**** EXERCISE MATERIAL ****
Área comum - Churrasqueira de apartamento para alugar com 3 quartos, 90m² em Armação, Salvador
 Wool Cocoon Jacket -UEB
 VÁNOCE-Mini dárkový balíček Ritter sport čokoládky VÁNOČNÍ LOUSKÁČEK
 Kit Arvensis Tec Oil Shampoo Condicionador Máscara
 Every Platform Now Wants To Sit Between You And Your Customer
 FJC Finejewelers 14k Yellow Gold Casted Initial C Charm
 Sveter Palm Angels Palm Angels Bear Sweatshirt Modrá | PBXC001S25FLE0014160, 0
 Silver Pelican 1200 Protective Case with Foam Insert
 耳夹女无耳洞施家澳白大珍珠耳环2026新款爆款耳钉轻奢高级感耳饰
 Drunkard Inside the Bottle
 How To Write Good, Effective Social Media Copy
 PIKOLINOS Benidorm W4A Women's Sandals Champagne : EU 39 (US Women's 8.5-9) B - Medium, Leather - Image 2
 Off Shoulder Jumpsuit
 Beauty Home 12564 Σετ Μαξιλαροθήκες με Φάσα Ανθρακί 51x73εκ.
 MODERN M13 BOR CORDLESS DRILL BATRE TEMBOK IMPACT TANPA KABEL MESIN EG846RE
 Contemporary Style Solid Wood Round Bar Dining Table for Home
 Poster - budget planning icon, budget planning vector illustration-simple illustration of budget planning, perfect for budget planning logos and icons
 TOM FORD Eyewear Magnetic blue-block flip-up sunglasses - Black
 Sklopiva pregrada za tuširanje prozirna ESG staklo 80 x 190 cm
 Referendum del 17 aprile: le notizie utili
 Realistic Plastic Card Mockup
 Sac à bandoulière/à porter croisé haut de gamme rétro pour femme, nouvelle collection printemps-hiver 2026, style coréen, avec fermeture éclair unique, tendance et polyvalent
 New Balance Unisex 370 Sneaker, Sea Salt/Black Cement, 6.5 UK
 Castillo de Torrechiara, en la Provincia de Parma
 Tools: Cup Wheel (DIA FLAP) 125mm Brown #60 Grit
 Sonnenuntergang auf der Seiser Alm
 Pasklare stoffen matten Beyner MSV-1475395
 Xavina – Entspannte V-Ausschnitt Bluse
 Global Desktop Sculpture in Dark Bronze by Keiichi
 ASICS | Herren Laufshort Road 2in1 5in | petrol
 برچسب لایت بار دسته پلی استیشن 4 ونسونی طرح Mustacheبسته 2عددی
****
_TASK BRIEF:_ Beginning with the line that has "ASICS | Herren", set down each line through the last one above, exactly, and nothing else.

_ANSWER SPACE:_
 ASICS | Herren Laufshort Road 2in1 5in | petrol
 برچسب لایت بار دسته پلی استیشن 4 ونسونی طرح Mustacheبسته 2عددی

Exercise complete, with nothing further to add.